Several notable ships of the Royal Australian Navy ended their days at Cockatoo Island between 1929 and 1935, when the dockyard turned to ship breaking and dismantling as a way of preserving jobs. Most famous was the cruiser HMAS Sydney, which came to the island for demolition in 1929. Parts of Sydney can now be found all over Sydney, including her foremast which was placed on Bradleys Head by the floating crane Titan in 1934.
The first destroyer built in Australia, Warrego, was also dismantled at Cockatoo Island. Her hull was to be sunk at sea, but she sank alongside the Sutherland Wharf. She was later broken up in situ, but parts of this notable destroyer remain under the wharf today.
In 1929, following the closure of the RAAF Experimental Station at Randwick, Wing Commander L.
J. Wackett and some of his team moved to Cockatoo Island to establish an aircraft department. Set up in the drawing office building on the top of the island, the department carried out many repairs on civil and military aircraft, including the famous Southern Cross.

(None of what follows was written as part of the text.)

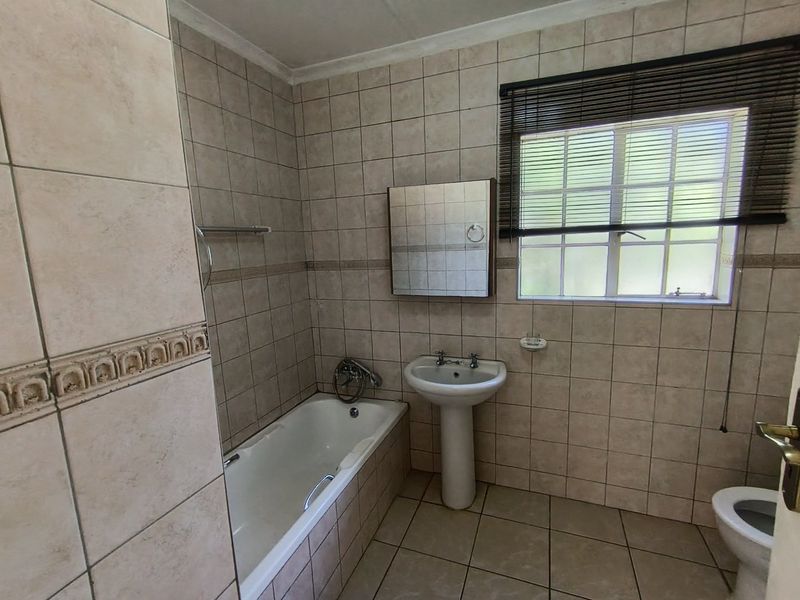 A functional bathroom featuring a pedestal basin, built-in bathtub, and full-height wall tiling, offering a neutral canvas for potential modern updates.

In mid-1933, the aircraft department completed the design and construction of twin-engine monoplane passenger aircraft, the Codock. Further designs followed, and the department also embarked on the construction of high-speed small craft. The department was closed in 1934, but Wackett, later Sir Lawrence, went on to found a company which became the nucleus of the Commonwealth Aircraft Corporation.